I have a database the I am rebuilding the table structure was crap so I'm porting some of the data from one table to another. This data appears to have been copy-pasted from MSO product so as I'm getting the data I clean it up with htmlpurifier and some str_replace in php. Here is the clean function:
function clean_html($html) {
$config = HTMLPurifier_Config::createDefault();
$config->set('AutoFormat','RemoveEmpty',true);
$config->set('HTML','AllowedAttributes','href,src');
$config->set('HTML','AllowedElements','p,em,strong,a,ul,li,ol,img');
$purifier = new HTMLPurifier($config);
$html = $purifier->purify($html);
$html = str_replace(' ',' ',$html);
$html = str_replace("\r",'',$html);
$html = str_replace("\n",'',$html);
$html = str_replace("\t",'',$html);
$html = str_replace(' ',' ',$html);
$html = str_replace('<p> </p>','',$html);
$html = str_replace(chr(160),' ',$html);
return trim($html);
}
However, when I put the results into my new table and output them to the ckeditor I get those three characters.
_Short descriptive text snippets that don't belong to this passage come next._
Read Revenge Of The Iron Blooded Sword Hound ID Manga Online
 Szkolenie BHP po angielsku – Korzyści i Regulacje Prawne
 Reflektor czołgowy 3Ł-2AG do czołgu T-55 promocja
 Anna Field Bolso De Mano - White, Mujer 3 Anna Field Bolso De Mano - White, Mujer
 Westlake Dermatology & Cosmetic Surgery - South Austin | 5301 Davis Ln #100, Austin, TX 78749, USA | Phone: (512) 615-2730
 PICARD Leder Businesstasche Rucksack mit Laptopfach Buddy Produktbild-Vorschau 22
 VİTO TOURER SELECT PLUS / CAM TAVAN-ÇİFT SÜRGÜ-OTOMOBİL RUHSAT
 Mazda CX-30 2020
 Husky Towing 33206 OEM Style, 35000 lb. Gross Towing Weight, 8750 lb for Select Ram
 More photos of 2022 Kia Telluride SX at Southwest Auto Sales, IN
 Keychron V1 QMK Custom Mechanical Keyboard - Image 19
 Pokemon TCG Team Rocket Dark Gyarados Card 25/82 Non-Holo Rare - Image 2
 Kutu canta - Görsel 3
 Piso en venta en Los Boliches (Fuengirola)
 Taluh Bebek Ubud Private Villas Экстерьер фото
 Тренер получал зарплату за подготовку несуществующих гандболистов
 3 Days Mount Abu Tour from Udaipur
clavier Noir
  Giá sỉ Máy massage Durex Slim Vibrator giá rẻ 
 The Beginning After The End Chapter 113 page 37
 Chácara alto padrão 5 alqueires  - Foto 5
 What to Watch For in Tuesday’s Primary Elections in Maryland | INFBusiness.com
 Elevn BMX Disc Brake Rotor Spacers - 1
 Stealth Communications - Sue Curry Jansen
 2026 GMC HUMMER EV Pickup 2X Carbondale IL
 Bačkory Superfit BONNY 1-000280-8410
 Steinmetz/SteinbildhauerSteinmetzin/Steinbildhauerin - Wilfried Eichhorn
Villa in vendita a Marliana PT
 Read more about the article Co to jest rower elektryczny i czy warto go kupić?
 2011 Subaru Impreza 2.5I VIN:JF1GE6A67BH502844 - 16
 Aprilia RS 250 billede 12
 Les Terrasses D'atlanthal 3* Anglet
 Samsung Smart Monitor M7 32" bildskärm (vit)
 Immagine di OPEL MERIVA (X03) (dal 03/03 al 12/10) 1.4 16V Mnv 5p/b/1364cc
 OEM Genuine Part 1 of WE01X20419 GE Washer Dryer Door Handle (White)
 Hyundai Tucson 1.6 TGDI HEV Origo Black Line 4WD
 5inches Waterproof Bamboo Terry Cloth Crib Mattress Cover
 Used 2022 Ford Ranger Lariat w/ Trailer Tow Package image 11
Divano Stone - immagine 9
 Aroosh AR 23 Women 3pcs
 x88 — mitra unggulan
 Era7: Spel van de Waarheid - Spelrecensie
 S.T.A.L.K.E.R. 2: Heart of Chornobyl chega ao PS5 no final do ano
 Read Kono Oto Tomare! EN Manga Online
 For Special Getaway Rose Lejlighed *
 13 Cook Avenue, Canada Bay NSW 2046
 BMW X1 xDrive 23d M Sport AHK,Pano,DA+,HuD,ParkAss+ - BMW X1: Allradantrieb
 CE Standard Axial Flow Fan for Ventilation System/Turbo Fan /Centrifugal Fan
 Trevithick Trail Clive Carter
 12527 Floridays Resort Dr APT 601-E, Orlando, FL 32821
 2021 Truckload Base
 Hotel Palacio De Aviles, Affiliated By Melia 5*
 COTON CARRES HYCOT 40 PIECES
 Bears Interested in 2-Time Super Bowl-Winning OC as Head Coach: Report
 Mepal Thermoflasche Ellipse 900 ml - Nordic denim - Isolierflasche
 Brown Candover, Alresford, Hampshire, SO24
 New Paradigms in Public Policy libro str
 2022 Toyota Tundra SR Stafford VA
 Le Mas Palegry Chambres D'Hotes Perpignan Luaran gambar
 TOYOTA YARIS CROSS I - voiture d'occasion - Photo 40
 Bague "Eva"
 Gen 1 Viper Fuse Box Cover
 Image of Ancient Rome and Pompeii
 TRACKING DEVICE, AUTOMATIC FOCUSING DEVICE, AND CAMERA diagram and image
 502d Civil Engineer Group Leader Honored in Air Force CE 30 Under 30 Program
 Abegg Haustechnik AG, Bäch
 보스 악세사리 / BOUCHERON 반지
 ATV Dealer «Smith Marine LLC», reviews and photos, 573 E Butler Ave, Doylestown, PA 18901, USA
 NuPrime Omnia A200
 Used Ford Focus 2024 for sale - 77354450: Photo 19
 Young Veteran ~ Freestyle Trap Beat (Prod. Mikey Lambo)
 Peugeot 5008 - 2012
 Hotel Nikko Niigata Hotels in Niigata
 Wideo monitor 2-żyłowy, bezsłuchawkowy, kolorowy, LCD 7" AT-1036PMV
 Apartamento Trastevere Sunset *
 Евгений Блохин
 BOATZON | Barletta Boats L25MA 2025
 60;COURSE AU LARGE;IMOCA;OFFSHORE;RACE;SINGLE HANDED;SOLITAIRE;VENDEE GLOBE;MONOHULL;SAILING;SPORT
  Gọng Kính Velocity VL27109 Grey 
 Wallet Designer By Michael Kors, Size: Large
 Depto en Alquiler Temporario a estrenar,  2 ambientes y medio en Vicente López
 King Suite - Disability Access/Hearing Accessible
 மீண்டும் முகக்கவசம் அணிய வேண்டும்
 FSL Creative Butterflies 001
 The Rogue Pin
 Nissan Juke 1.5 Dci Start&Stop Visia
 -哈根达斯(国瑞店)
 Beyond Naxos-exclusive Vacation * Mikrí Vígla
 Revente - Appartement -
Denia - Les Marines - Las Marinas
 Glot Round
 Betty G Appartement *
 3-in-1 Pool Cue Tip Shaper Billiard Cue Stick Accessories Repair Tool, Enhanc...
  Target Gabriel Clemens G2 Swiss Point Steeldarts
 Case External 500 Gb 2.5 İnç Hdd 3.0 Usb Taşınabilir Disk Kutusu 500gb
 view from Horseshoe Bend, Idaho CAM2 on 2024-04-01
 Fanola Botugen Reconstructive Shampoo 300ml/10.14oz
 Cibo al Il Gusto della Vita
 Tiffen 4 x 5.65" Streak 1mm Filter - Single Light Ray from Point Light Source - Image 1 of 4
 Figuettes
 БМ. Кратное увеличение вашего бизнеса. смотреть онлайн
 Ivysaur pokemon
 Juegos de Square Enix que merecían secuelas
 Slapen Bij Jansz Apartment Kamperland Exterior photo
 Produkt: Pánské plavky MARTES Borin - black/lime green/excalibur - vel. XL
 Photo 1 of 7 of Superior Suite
I then have a javascript function that is called to remove special characters from the content of the ckeditor too. it doesn't clean it either
function remove_special(str) {
var rExps=[ /[\xC0-\xC2]/g, /[\xE0-\xE2]/g,
/[\xC8-\xCA]/g, /[\xE8-\xEB]/g,
/[\xCC-\xCE]/g, /[\xEC-\xEE]/g,
/[\xD2-\xD4]/g, /[\xF2-\xF4]/g,
/[\xD9-\xDB]/g, /[\xF9-\xFB]/g,
/\xD1/,/\xF1/g,
"/[\u00a0|\u1680|[\u2000-\u2009]|u200a|\u200b|\u2028|\u2029|\u202f|\u205f|\u3000|\xa0]/g",
/\u000b/g,'/[\u180e|\u000c]/g',
/\u2013/g, /\u2014/g,
/\xa9/g,/\xae/g,/\xb7/g,/\u2018/g,/\u2019/g,/\u201c/g,/\u201d/g,/\u2026/g];
var repChar=['A','a','E','e','I','i','O','o','U','u','N','n',' ','\t','','-','--','(c)','(r)','*',"'","'",'"','"','...'];
for(var i=0; i<rExps.length; i++) {
str=str.replace(rExps[i],repChar[i]);
}
for (var x = 0; x < str.length; x++) {
charcode = str.charCodeAt(x);
if ((charcode < 32 || charcode > 126) && charcode !=10 && charcode != 13) {
str = str.replace(str.charAt(x), "");
}
}
return str;
}
Does anyone know off hand what I need to do to get rid of them. I think they may be some sort of quote.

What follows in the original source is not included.